— Non, non, gémit-elle. Ce n’est pas vrai ! Pas ça, pas ça !…
Un hoquet sourd démolit son visage. Elle était laide dans son désarroi. Il la regardait et ne l’aimait pas. Ce qu’il éprouvait était plus fort que l’amour. Son attirance n’avait pas de nom dans la langue.
Tania s’assit dans la bergère. Lasse, brisée, elle écartait les bras, balançait la tête avec obstination.
— Non, non, Volodia, dit-elle. Ce n’est pas possible… Il y a Michel, Michel…
Il se mit à hurler :
— Dites-moi que vous l’aimez, et je m’en irai tout de suite !
Une pointe aiguë traversa le cœur de Tania.
— Allons, parlez, parlez, dit Volodia en se rapprochant d’elle. Il lui prit la main. Ce contact la bouleversa. Un sang chaud et rapide battait dans ses artères. Des doutes assaillaient son esprit. Michel. Les enfants. Sa vie était faite. Elle n’avait pas le droit de bousculer toutes ces valeurs sur un coup de folie.
— Alors, l’aimez-vous ? demanda Volodia d’une voix qui s’étranglait un peu.
— Laissez-moi.
— L’aimez-vous ?
Tania se rappela ses dernières discussions avec Michel, avant le voyage, au théâtre, ailleurs. Chaque souvenir pénible en faisait lever un autre. Elle était effrayée de leur nombre. Valeureusement, elle tenta de les ignorer.
— Je crois, dit-elle. Il est si bon !…
Il se pencha sur elle, maigre, les yeux pleins de flammes :
— Je ne vous demande pas s’il est bon, mais si vous l’aimez.
— Je ne sais pas, dit-elle.
Et, subitement, ses nerfs la trahirent. Un sanglot, qu’elle n’avait pu contenir, s’échappa de sa gorge, gonfla ses lèvres. Au-dessus de sa tête, quelqu’un criait, comme un diable victorieux :
— Vous voyez bien ! Vous l’estimez ! Vous ne l’aimez pas ! C’est moi que vous aimez !…
— Qu’est-ce que cela change ? dit-elle faiblement. Je lui resterai fidèle.
— Et vous le détesterez chaque jour davantage, parce qu’il aura empoisonné votre vie.

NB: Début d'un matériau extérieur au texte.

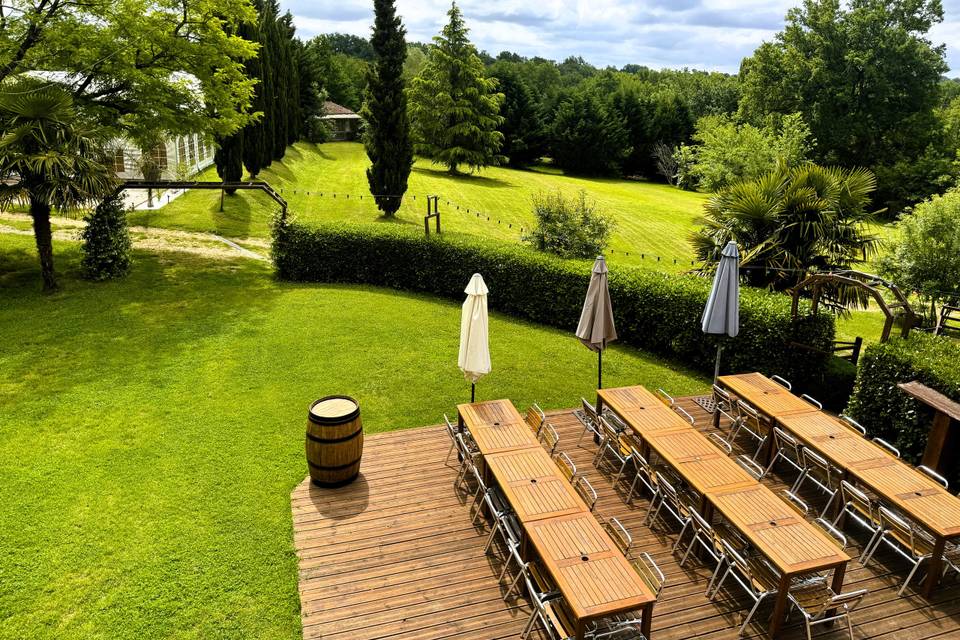 Terrasse et jardins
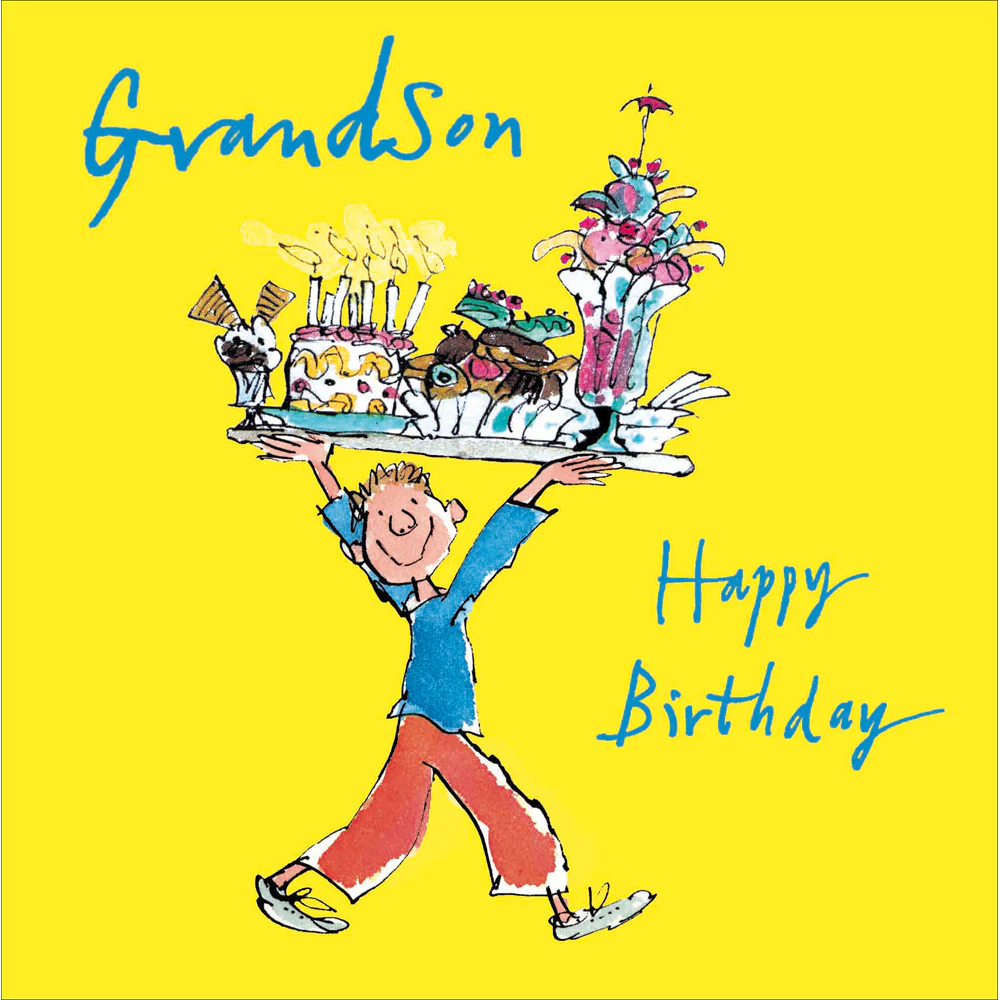 Quentin Blake Grandson Celebration Birthday Card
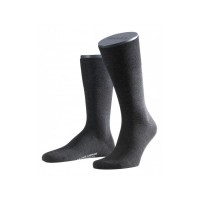 FALKE AIRPORT short socks anthracite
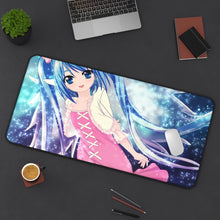 Load image into Gallery viewer, Heaven's Lost Property Mouse Pad (Desk Mat) On Desk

Déjà, vous vous ennuyez avec lui. Vous le trouvez pondéré, méticuleux, monotone…
Ces paroles répondaient si justement à la pensée intime de Tania qu’elle en fut étonnée. Volodia poursuivait avec énergie :
— Non, Tania. Nous sommes sur terre pour accomplir notre destin, et non pour chercher à le fuir. Vous êtes à moi. Je n’en doute plus.
À ces mots, elle eut l’intuition que sa conscience était hors de cause, qu’elle était sauvée ou perdue, mais que plus rien ne dépendait d’elle. Et elle était à la fois terrifiée et soulagée par cette capitulation devant une puissance obscure. Volodia avait mis un genou à terre. Elle sentit des lèvres chaudes sur sa main, sur son poignet. Cette caresse lui procurait une répugnance très douce. Des restes de pudeur et d’orgueil luttaient en elle contre le plaisir d’être aimée. Elle s’abandonnait et se raidissait tour à tour sans que son visage exprimât autre chose qu’une hébétude infinie.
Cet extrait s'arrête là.